When her husband was offered a job overseas last year, though, the Johnsons decided to move. The family now lives in Brunei.

A million in the same boat

And it’s not just female politicians who fall into the gap, Johnson points out.

To qualify for maternity benefits from the federal Employment Insurance program, a woman must have worked for a minimum of 600 insurable hours in the year prior to the birth and paid into the system for each hour.

Politicians don’t have to pay into the EI system because they are basically considered self-employed. Most of the more than one million female small business owners, entrepreneurs, contractors, freelancers and otherwise self-employed women in Canada are in the same situation.

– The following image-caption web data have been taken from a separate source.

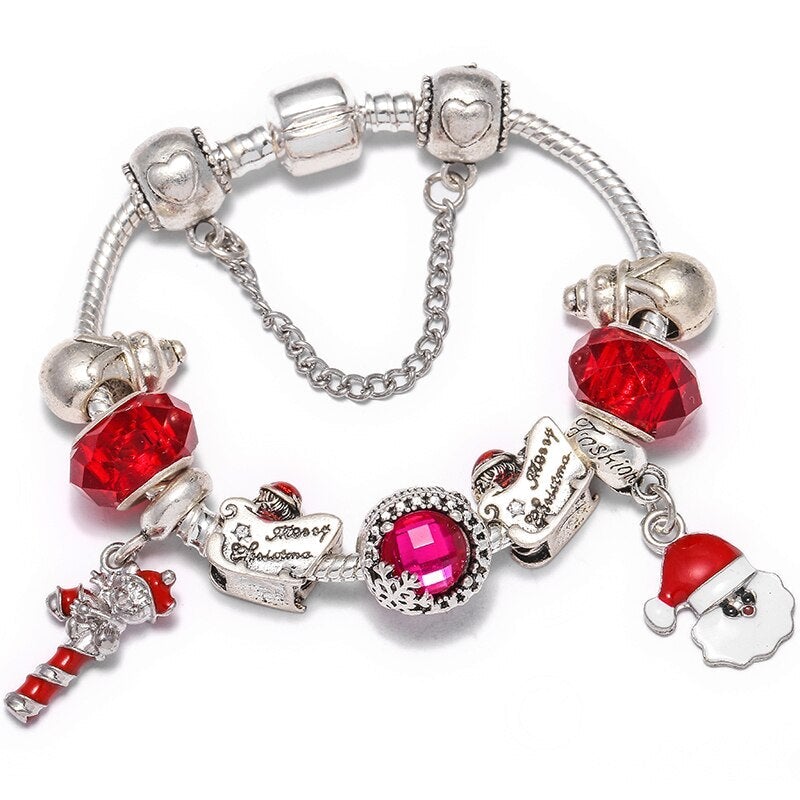 Festive Christmas Bracelet with Red Crystals and Santa Claus Charms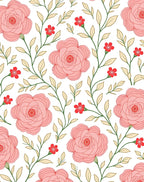 Whimsical Pink Rose Garden Swirl Rug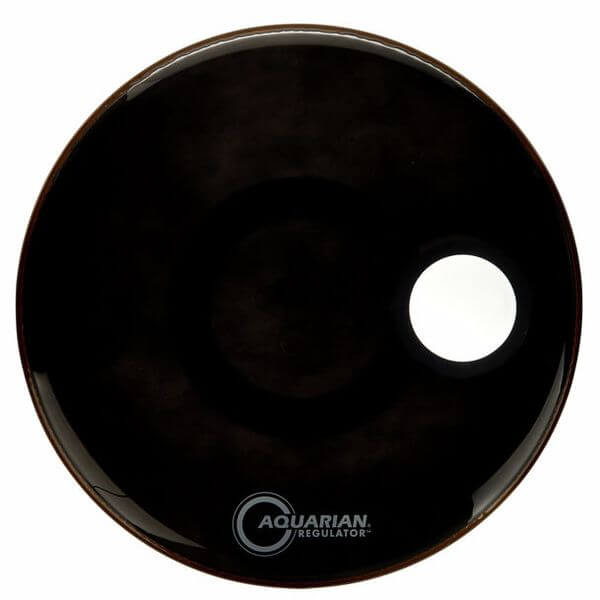 Aquarian 22 inch Regulator Black Bass Drumhead featuring a floating muffling system, displayed on a white background.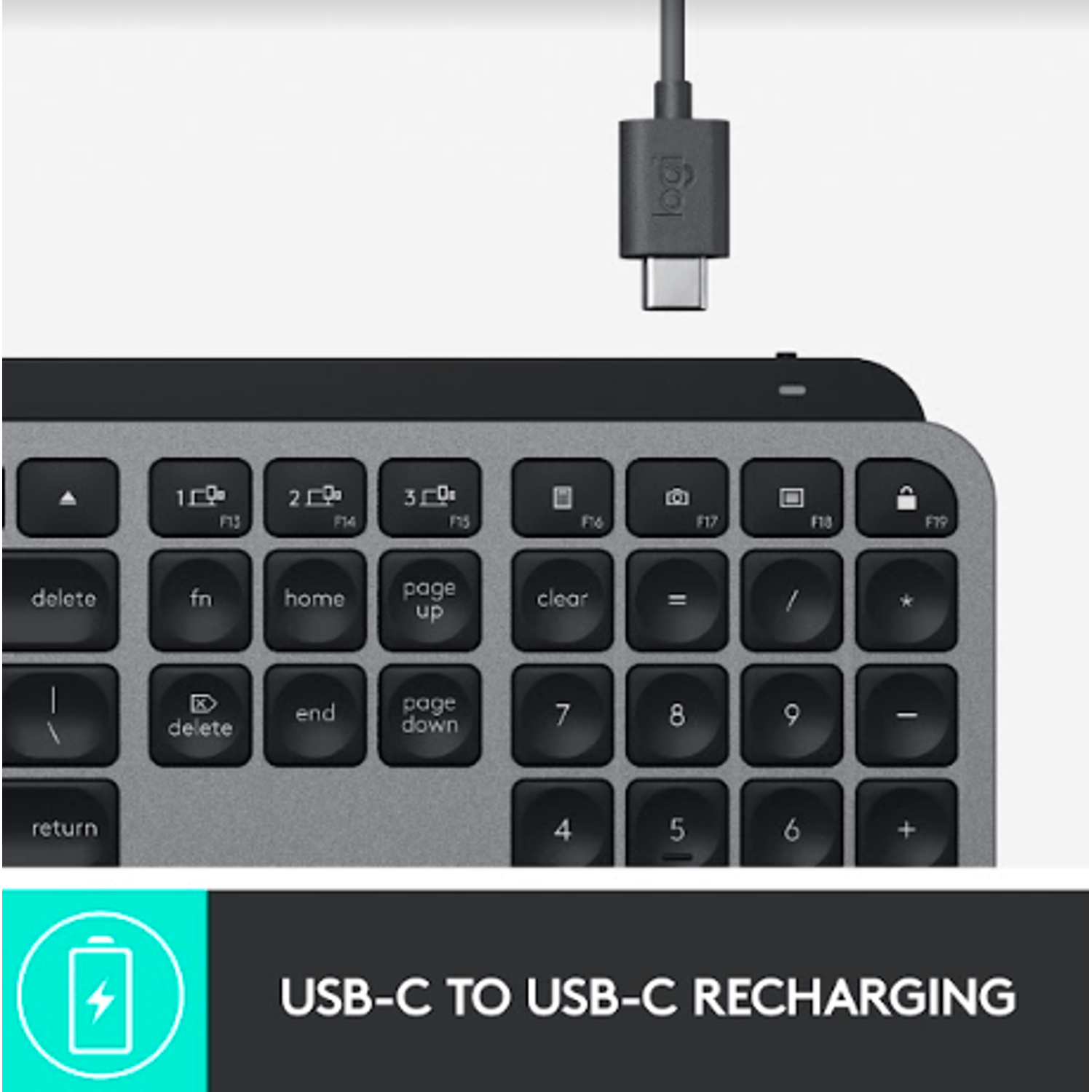 Tastatura Logitech MX Keys for Mac Wireless Illuminated, Bluetooth/USB (Negru/Gri) fotografia produsului View 9 L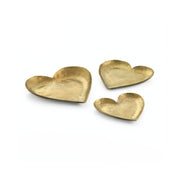 Set of three brass hammered iron heart-shaped catchalls serving bowls by TOV Furniture, decorative and functional for jewelry or keys.
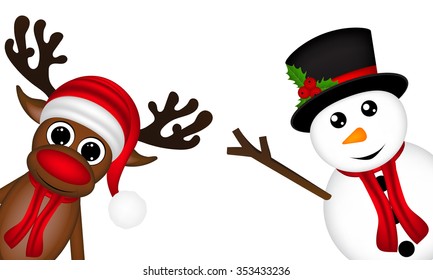 reindeer and a snowman on the side of a white background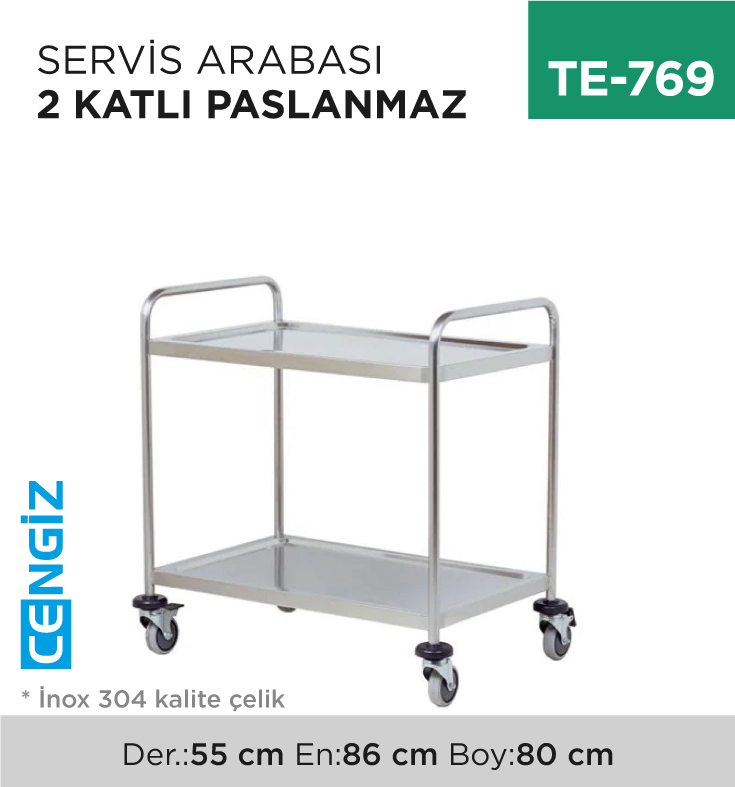 SERVİS ARABASI 2 KATLI PASLANMAZ (7603)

Since 2011, self-employed people have been able to opt into the EI program, giving them access to up to 15 weeks of maternity leaves, as well as up to 35 weeks of parental leave. The EI opt-in also gives access to benefits for sickness or injury and compassionate care.

But the program has some flaws, including no access to unemployment benefits, a $485 per week cap and no way to opt out once a person has collected benefits. Uptake has been minimal.

In 2013-14, the self-employed EI program paid out $8.2 million in benefits in total, $7.9 million of it in maternity or parental benefits.

Johnson says the rarity of the issue suggests it’s not a key barrier to women entering politics, but certainly family time is an issue for everyone. The hours of legislative sitting can be “absurd,” she says.

She recalls one stretch a few years ago when the Newfoundland and Labrador House of Assembly sat for 50 hours with just short breaks between sessions.

And child care can be a problem because it’s far from a nine-to-five job, Johnson says.

“I should say that this isn’t an issue just for women. We had young fathers in our House as well who I know wanted to be home at night.”